(Saved entries)
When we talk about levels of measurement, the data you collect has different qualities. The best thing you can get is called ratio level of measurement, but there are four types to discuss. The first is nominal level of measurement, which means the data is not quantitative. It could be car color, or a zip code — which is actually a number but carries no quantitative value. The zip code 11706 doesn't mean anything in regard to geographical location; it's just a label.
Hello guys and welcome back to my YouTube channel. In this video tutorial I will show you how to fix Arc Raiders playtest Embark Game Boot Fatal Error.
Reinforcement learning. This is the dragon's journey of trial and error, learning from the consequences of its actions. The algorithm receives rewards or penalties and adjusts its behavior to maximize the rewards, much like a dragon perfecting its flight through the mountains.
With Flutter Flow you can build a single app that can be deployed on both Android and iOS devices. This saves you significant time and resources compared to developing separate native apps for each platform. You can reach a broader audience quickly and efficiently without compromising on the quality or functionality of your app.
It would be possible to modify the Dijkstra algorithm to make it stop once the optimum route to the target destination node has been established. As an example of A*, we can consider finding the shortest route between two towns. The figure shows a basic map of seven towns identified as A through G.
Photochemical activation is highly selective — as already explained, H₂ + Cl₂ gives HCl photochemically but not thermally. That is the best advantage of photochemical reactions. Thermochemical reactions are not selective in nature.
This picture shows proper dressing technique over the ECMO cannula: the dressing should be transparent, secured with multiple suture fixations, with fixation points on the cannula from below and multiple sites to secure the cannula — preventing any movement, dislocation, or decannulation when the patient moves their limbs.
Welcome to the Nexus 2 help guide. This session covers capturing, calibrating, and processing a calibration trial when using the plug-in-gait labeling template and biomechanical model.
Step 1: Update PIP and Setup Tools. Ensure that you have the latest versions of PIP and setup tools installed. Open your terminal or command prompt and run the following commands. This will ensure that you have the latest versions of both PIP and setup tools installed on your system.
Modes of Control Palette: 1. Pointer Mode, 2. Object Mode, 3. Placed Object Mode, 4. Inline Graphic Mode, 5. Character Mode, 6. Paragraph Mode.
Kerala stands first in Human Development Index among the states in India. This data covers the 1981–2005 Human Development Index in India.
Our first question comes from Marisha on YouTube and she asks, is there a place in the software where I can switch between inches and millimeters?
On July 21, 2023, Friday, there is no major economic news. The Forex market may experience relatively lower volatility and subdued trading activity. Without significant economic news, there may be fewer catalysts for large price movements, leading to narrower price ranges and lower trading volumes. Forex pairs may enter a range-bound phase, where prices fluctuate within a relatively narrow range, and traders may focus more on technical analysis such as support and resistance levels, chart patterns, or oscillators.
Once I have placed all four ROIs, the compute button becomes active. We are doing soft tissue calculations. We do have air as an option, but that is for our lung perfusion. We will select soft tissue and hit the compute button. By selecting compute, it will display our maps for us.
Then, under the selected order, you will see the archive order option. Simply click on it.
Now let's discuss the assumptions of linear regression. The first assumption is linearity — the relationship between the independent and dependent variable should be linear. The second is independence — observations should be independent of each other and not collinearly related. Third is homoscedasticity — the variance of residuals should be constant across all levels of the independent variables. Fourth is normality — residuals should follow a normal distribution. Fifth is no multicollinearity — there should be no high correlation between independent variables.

_What to work on_
Once a line of the records is found to contain "where", copy it out.

_Solution for this task_
Our first question comes from Marisha on YouTube and she asks, is there a place in the software where I can switch between inches and millimeters?
On July 21, 2023, Friday, there is no major economic news. The Forex market may experience relatively lower volatility and subdued trading activity. Without significant economic news, there may be fewer catalysts for large price movements, leading to narrower price ranges and lower trading volumes. Forex pairs may enter a range-bound phase, where prices fluctuate within a relatively narrow range, and traders may focus more on technical analysis such as support and resistance levels, chart patterns, or oscillators.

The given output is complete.